Integration of RITA into HIV Testing Algorithm in Ireland Has Improved HIV Surveillance and Design of HIV Interventions

Integration of RITA into HIV Testing Algorithm in Ireland Has Improved HIV Surveillance and Design of HIV Interventions

Summary of E. Robison et al (2019). Integration of a recent infection testing algorithm into HIV surveillance in Ireland: improving HIV knowledge to target prevention. Epidemiology and Infection 147, e136, 1-7.

Between 2012 and 2016 Ireland experienced at 50% increase in the number of HIV diagnosis. In order to understand whether there was an upsurge in the epidemic or if the increase was a result of detecting previously undiagnosed cases they integrated recent infection testing into their diagnosis-based HIV surveillance system. The goal was to identify recent infections in order to better monitor the HIV epidemic and target prevention programs. They integrated Lag Avidity testing into their routine testing and used demographic, clinical and epidemiological information routinely collected through their Computerised Infectious Disease Reporting (CIDR) system to complete the recent infection testing algorithm. The National Virus Reference Laboratory (NVRL) tested sera from all new HIV cases with the Sedia HIV-1 limiting antigen-avidity EIA assay. They also tested for the p24 antigen which is an indicator of infection in the last 3 weeks.

They applied RITA to diagnoses notified between 1 January 2016 and 31 December 2016 with an avidity index (AI) result. Surveillance data were extracted from CIDR in August 2017, after the annual data validation process was completed. The RITA used classified cases with an AI of less than 1.5 as likely to be a recent infection unless epidemiological criteria (CD4 count <200 cells/mm3; viral load <400 copies/ml; the presence of AIDS-defining illness; prior antiretroviral therapy use; history of PrEP or PEP use in previous 6 months) indicated a potential false-recent result. They calculated a second estimate of the proportion of recent infections that included cases who were p24 antigen positive, but did not have avidity testing carried out.
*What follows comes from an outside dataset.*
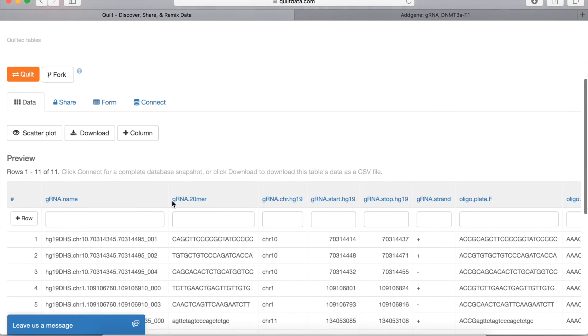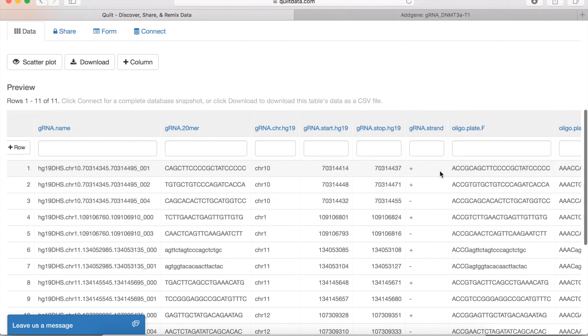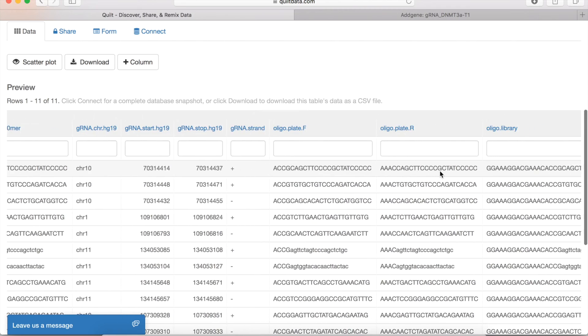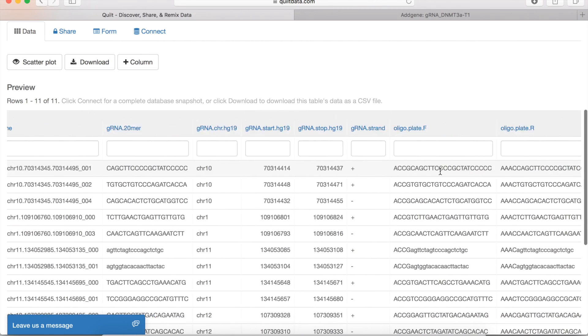What comes back after a quick search are the guide RNAs themselves, the location of the guide RNA in the genome, the strand they target, and then the oligos as well.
The denominator for this estimate included all HIV diagnoses notified in 2016 with an available AI result, or with a positive p24 antigen test.
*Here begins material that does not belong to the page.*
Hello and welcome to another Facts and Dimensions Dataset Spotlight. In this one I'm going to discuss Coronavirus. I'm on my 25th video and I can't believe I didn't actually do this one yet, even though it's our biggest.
RITA results were returned to clinicians with interpretation guidance (drafted in partnership with patient organizations). There were anecdotal reports that results are valuable at both individual and population level.

Of 508 diagnoses in 2016, they linked 448 (88.1%) to an avidity test result. RITA classified 12.5% of diagnoses as recent, with the highest proportion (26.3%) amongst people who inject drugs. In multivariable logistic regression, recent infection was more likely with a concurrent sexually transmitted infection (aOR 2.59; 95% CI 1.04–6.45). Data were incomplete for at least one RITA criterion in 48% of cases.

The study highlights the need to monitor trends in HIV testing patterns by sub-group as a critical step to interpreting recent infection testing data. They identified recent infections among persons previously diagnosed outside of Ireland; inclusion criteria of previous diagnosis <1 year should be considered.

The study demonstrated the feasibility of integrating RITA into routine surveillance and showed ongoing HIV transmission and a high proportion of recent infection among PWID. To improve the interpretation of RITA, further efforts are required to improve completeness of the required epidemiological data.